### Exercise
Would you transcribe the listing that follows word for word, skipping pictures?

### Stored data
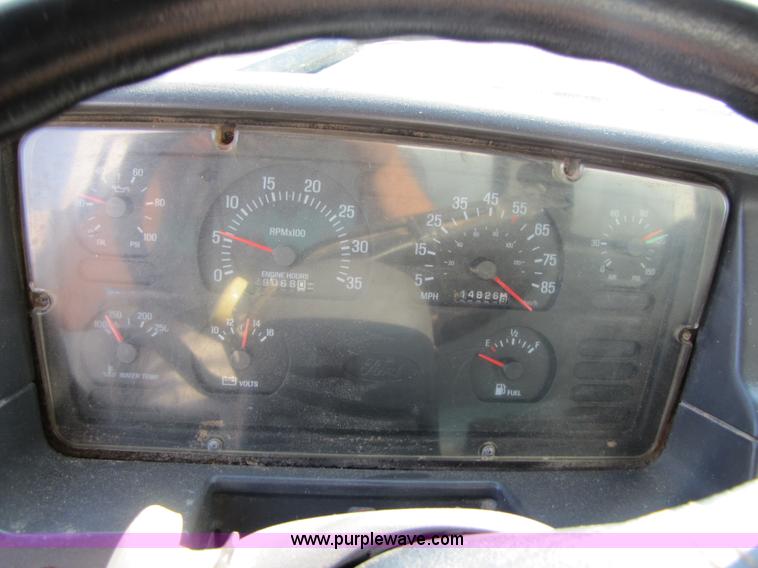 image for item A4660 1997 Ford Louisville feed truck with Roto-mix 600-16 mixer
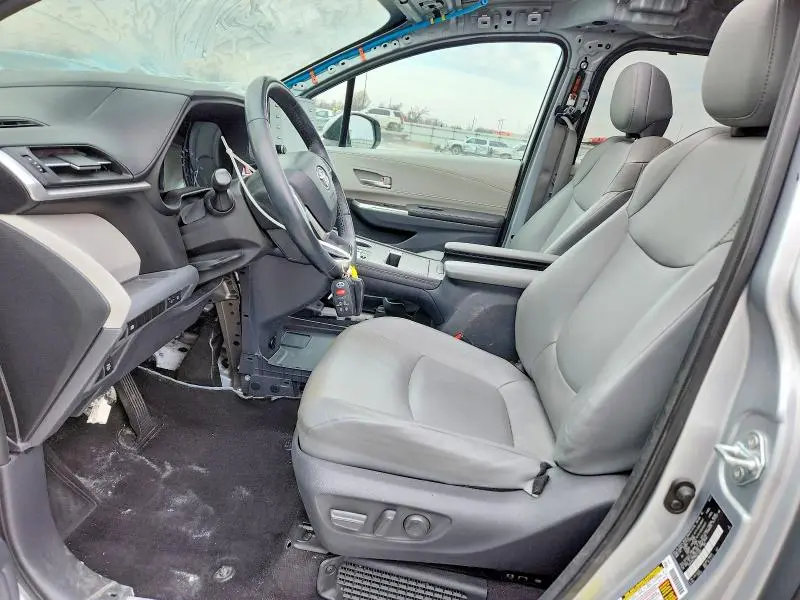 2021 TOYOTA SIENNA   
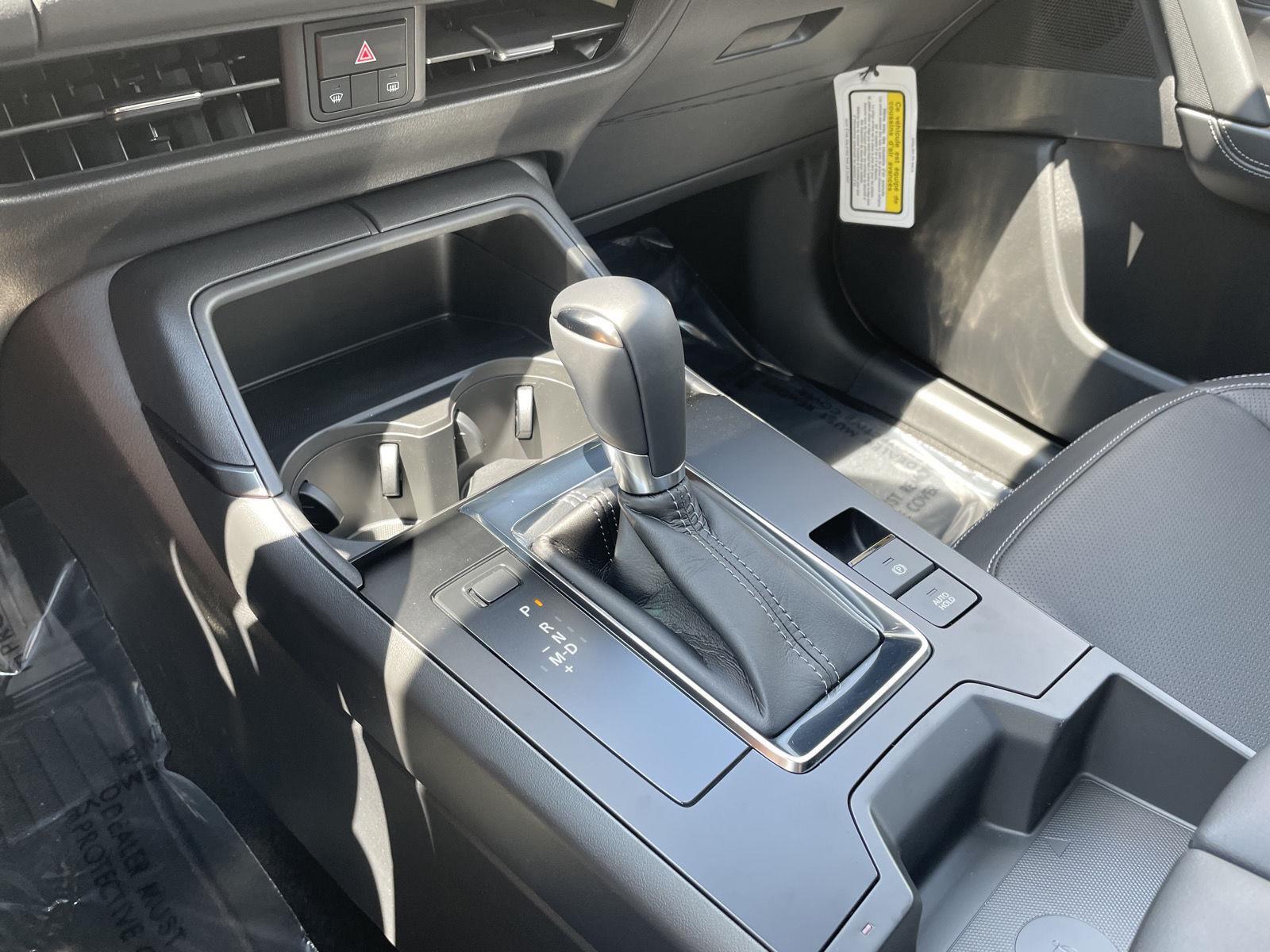 Vehicle photo 28
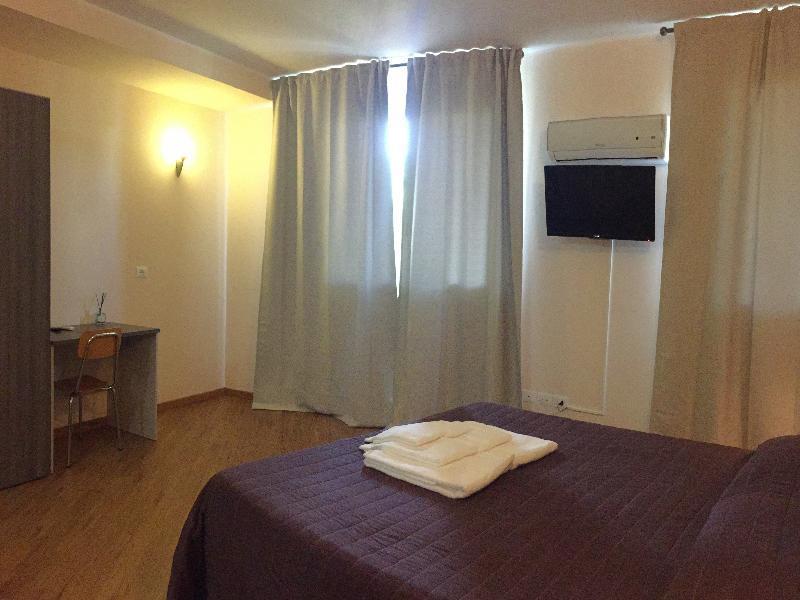 Al Borgo Aparthotel Sarzana Luaran gambar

### Your solution
 image for item A4660 1997 Ford Louisville feed truck with Roto-mix 600-16 mixer
 2021 TOYOTA SIENNA   
 Vehicle photo 28
 Al Borgo Aparthotel Sarzana Luaran gambar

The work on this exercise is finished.